If it is his car, it is not joint property. That is not what marriage means.

Iaskedyouthrice · 10/06/2024 13:16

I would be furious if my OH took my new fancy car and did this. No way would I just shrug it off and say 'oh well, accidents happen'. It wasn't an accident for a start. The more OP drips information the more sympathetic I am to her DH! You are all busy accusing him of being an abuser but why aren't any of you assuming the OP does stuff like this all of the time and he's fed up?
I can only go on how I would react and yeah, if I had a longed for new car I would be extremely upset. He's only had it for 2 bloody minutes.

tessdurbyfield · 10/06/2024 13:22

All the people acting like it's a minor thing that should be laughed off by a partner - no it's not and don't know what planet you live on. If I had bought something and it was precious to me, to then have it taken secretly by my partner and used so carelessly that it was damaged into the £100s, I would be so so upset and angry. It shows an absolute lack of respect and consideration for your partner. Accidents happen but this is a different situation. Hope you learned your lesson OP and he cools off soon

Ifyoucouldreadmymindlove · 10/06/2024 13:24

StaceyAl · 09/06/2024 21:08

It did have sensors, unfortunately I had music playing loud and didn’t realise they were beeping

Jesus.

justasking111 · 10/06/2024 13:33

tessdurbyfield · 10/06/2024 13:22

All the people acting like it's a minor thing that should be laughed off by a partner - no it's not and don't know what planet you live on. If I had bought something and it was precious to me, to then have it taken secretly by my partner and used so carelessly that it was damaged into the £100s, I would be so so upset and angry. It shows an absolute lack of respect and consideration for your partner. Accidents happen but this is a different situation. Hope you learned your lesson OP and he cools off soon

I'm with you. I'd be angry if my husband swanned off with my new car and carelessly damaged it. Never mind doing it behind my back.

justasking111 · 10/06/2024 13:36

StaceyAl · 10/06/2024 10:56

Thanks everyone. I’m not a dangerous driver as some of you seem to think, I’ve been driving safely for many years. As I said when I reversed there was only trees in my rear view mirror about 3-4 feet from the back of my car. I didn’t see the very low wall, although my parking sensors did go off I was too heavy footed on the accelerator and it was too late. I also had music playing too loud which I should have turned down. I was physically shaking from fear and the reality of what I’d done. I instantly regretted my actions and knew I was fully at fault.
I was wrong to take the car without permission especially as I have my own car. I just wanted to drive it because it was a fancy car. I’m not allowed to drive it again which is I think a fair decision.
I will also pay for the damage from my own account rather than our joint account as it will cost quite a lot of money.
my husband was very angry with me which he has every right to be, I made a stupid decision.

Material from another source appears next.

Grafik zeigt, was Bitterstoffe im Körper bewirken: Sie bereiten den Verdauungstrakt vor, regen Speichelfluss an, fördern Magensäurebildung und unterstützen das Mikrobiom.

Well you owned up it's done and dusted.

Get it fixed and kick yourself.

LlynTegid · 10/06/2024 13:39

Whilst I understand his anger and think you have made a sensible decision about getting it fixed, I would criticise your DH for buying the expensive car to begin with.

justasking111 · 10/06/2024 13:40

My husband just said because of his new uber precious car he has to go into a dodgy area to collect something he was nervous I said take my beat up 18 year old car, his lip curled up in disgust.

Well on his head be it. 😬

prh47bridge · 10/06/2024 13:43

LlynTegid · 10/06/2024 13:39

Whilst I understand his anger and think you have made a sensible decision about getting it fixed, I would criticise your DH for buying the expensive car to begin with.

Really? Why is he not allowed to have an expensive car?

Dayfurrrrit · 10/06/2024 13:44

I think it’s odd that it’s ‘his’ car and not just a car that you have as a family that he tends to drive. We have 2 cars in our family, one is my husbands work car that I mostly drive because it’s better suited for the kids and I mostly drive them places. He drives the older smaller car unless he’s driving the kids.